In this study, the innovative design of a robotic arm based on an improved load-adaptive hoisting mechanism offers a number of significant advantages. First, by detecting the displacement of the slider, as shown in Figure 11 and Figure 12, the force of the gripper can be controlled without the need to install a force sensor on the end effector, thus reducing the complexity and weight of the hand gripper. Of course, it is also possible to install angle sensors at the gripper to obtain a more accurate gripper state, as in Figure 15. Second, the gripper’s adaptability to different object shapes realizes flexible gripping, and through the gripping experiments on objects with different stiffness, as in Figure 13 and Figure 14, the slider’s moving speeds of the objects with different stiffness are the same; furthermore, the higher the stiffness is, the faster the slider’s moving speed is, and such a characteristic can effectively recognize objects with significantly different stiffness. Third, the lightweight design of the robotic arm improves its overall dynamic motion performance. In the experiments of the gripper gripping objects, as shown in Figure 9 and Figure 10, the articulated motors are able to follow the control commands better. Finally, in the experiments of force transfer characteristics and grasping performance, as shown in Figure 16 and Figure 17, the heavier the clamped object is, the larger the displacement of the slider is, and they show a linear relationship, which better illustrates the effectiveness of the whole rope–transfer force transfer process.
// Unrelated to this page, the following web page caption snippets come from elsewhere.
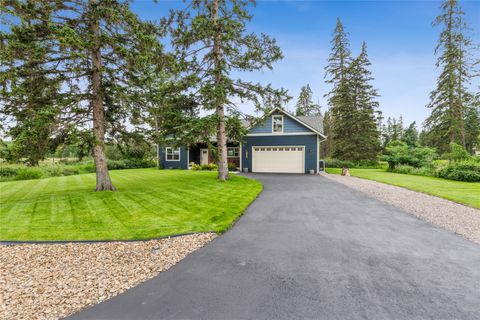 Photo of 496 Forest Edge Trail, Kalispell, MT 59901 (MLS # 30055327)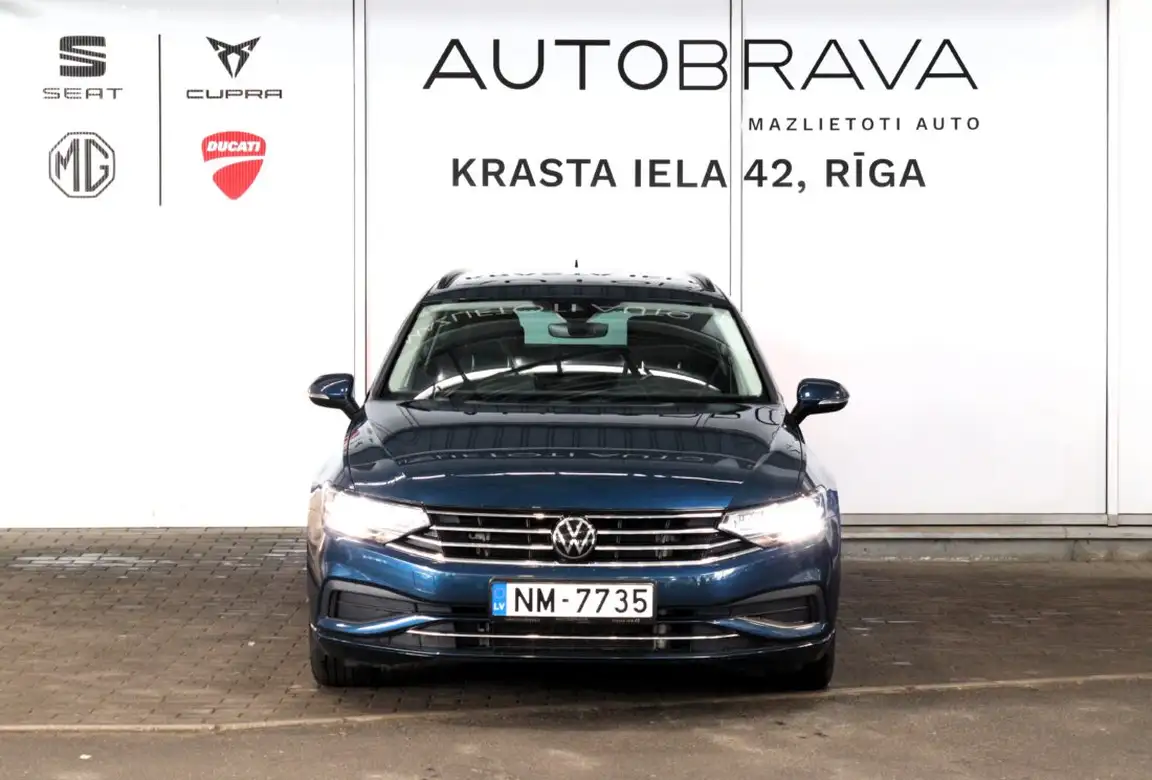 VOLKSWAGEN PASSAT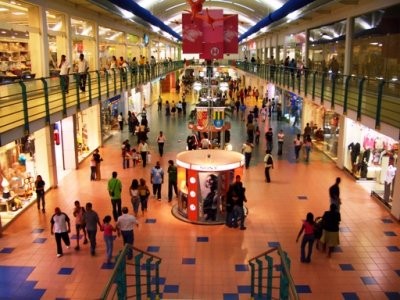 40889 - Ancon - locales - albrook mall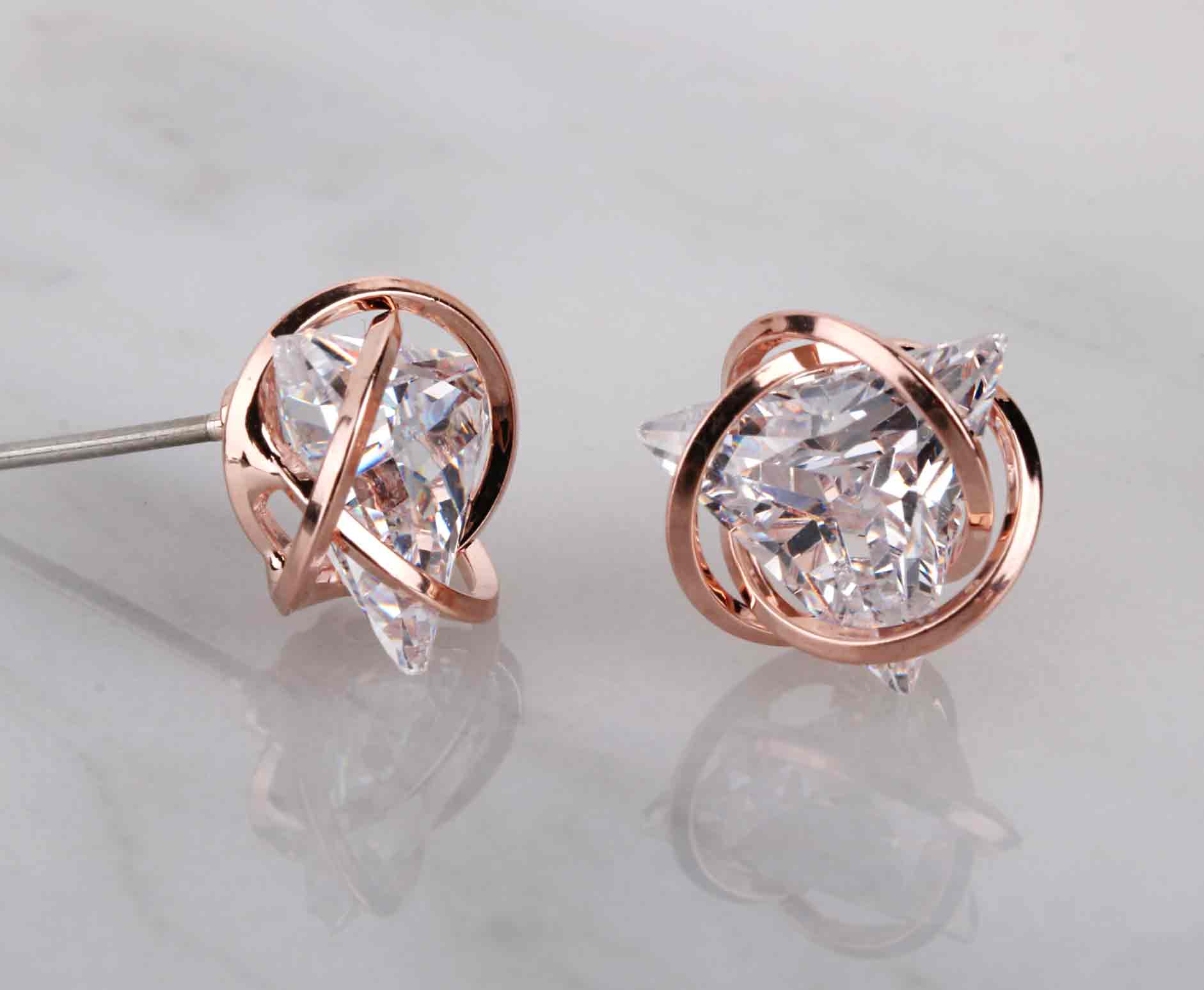 BOLLAR Overlap Triangle Q Spike Earring TIT281 Uni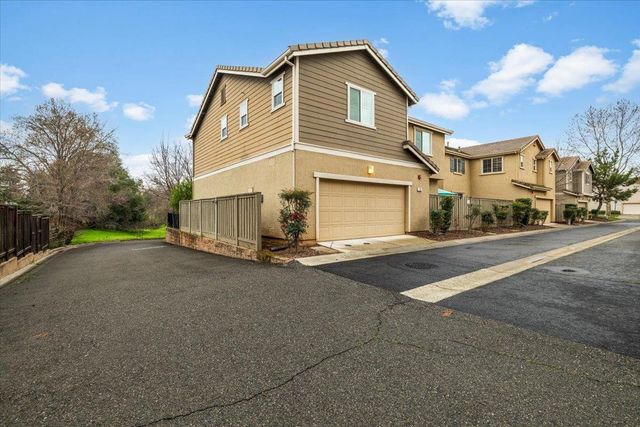 116 Crystalwood Way, Lincoln, CA 95648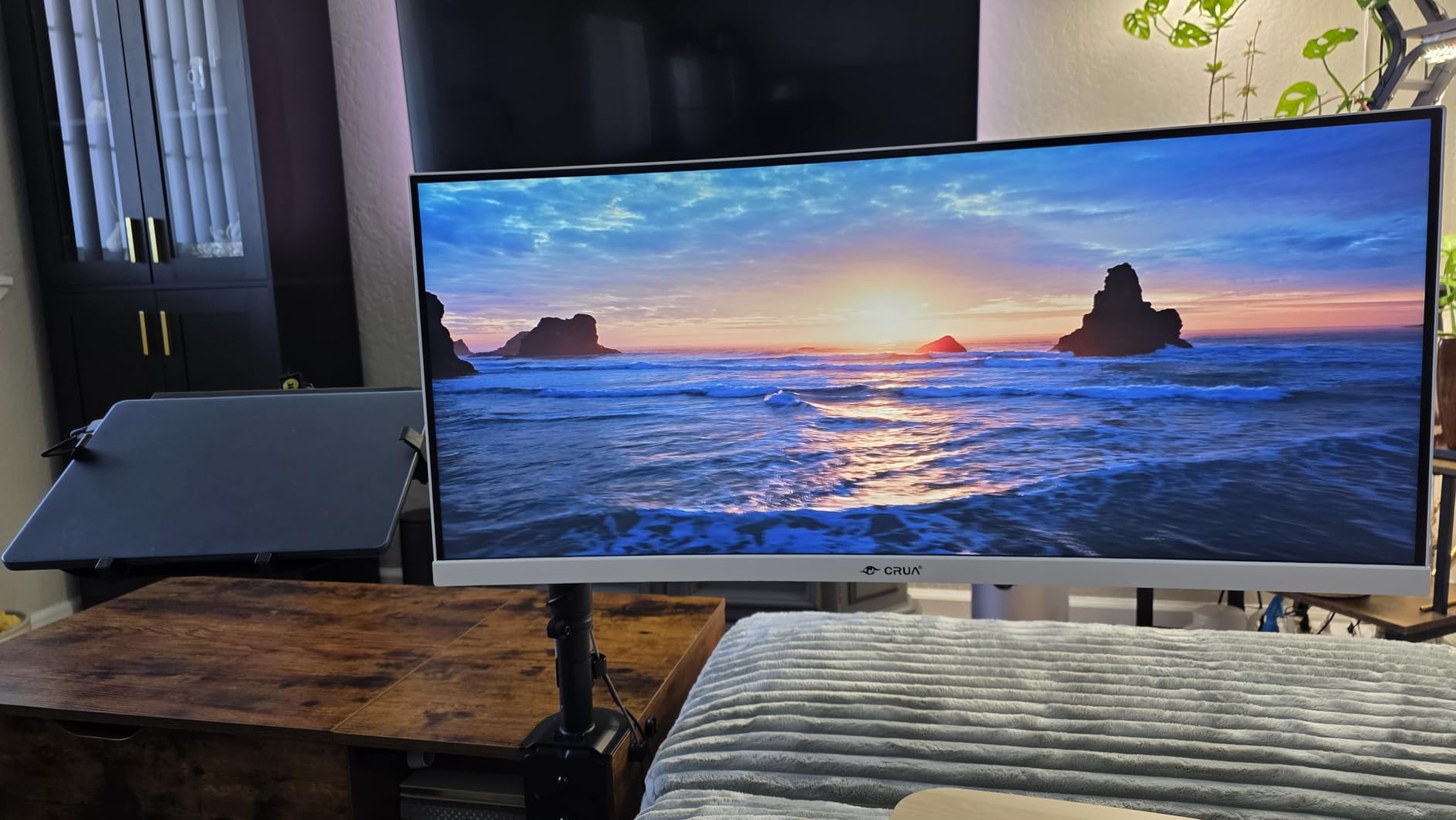 CRUA 34 Inch 21:9 UWQHD 100Hz IPS Ultrawide Curved Monitor, Speakers, 120% sRGB, 92% DCI-P3, FreeSync, 3800R, HDMI 2.0, DP 1.4 customer photo 2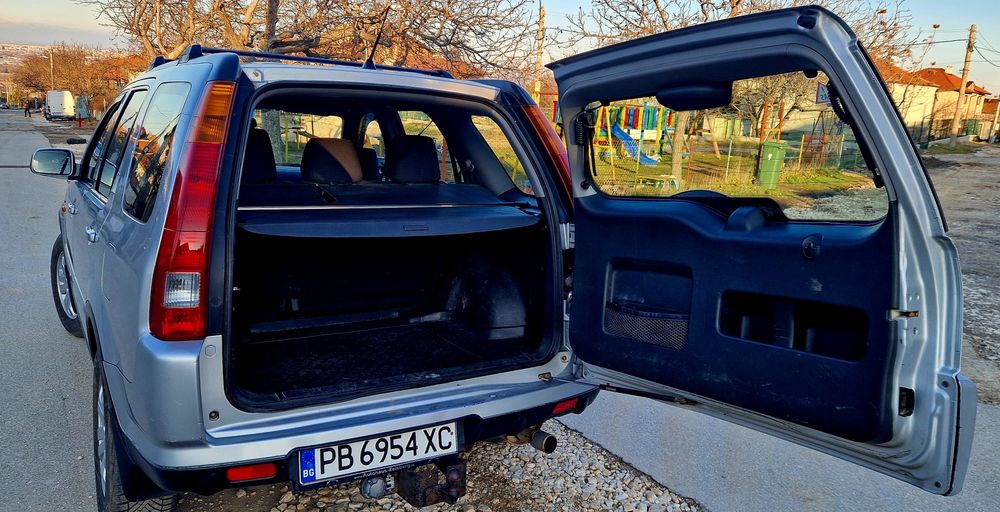 Продавам Honda CR-V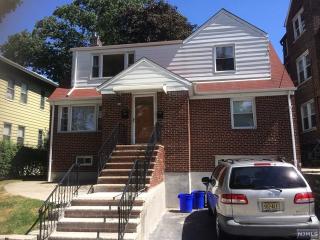 812 Fairview Ln, West Fort Lee NJ  07024-1537 exterior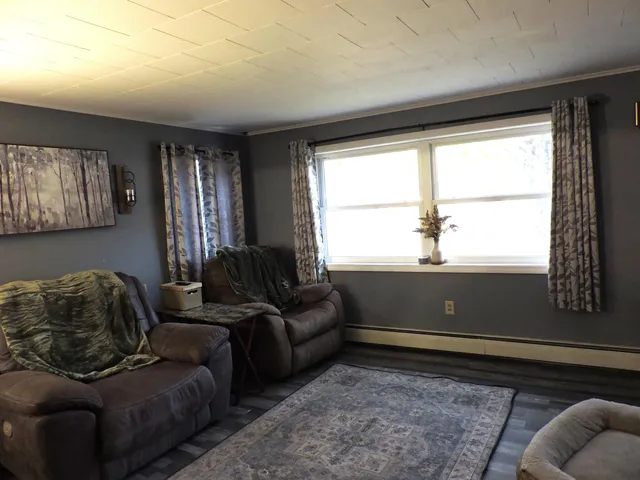 $269,900 | 21 Airport Road, Norridgewock, ME 04957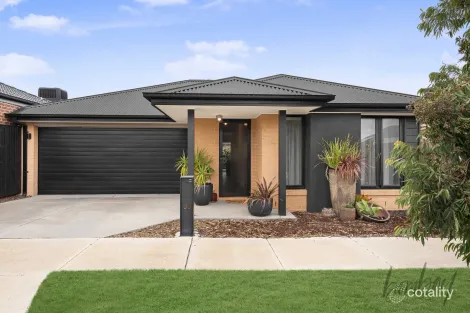 30 Madura Prom, Mickleham, VIC 3064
The transmission ratio of a mechanical gripper designed based on a load-adaptive hoisting mechanism will change due to changes in the end load. When the load is high, the transmission ratio decreases and the output torque increases. Conversely, when the load is low, the transmission ratio increases and the output torque decreases. In this case, when grasping an object, the claw moves faster when not grasping the object. When grasping an object, it also smoothly provides grasping force to the grasped object, effectively grasping and protecting fragile or deformed objects. However, although the proposed design solution achieved good results, further exploration is still needed for the gripping task of a point-footed bipedal mobile platform, especially when the mobile platform is in motion, to ensure that the manipulator arm can perform the proper gripping task. Future work will focus on refining the control algorithm of the manipulator and further expanding the degrees of freedom of the manipulator arm to improve the performance of the system in unstructured environments.

6. Conclusions

Through improvements to the load-adaptive hoisting mechanism, the authors have innovatively designed a robotic arm device. The innovative structure introduced in this paper enables the force control of the gripper without adding force sensors at the end effector, and the gripper can adapt to the shape of the objects being grasped, achieving flexible gripping. The robotic arm adopts a lightweight design, which helps to reduce interference with the mobile platform during motion. Through experiments, the force transmission characteristics and excellent gripping performance of the mechanism have been validated.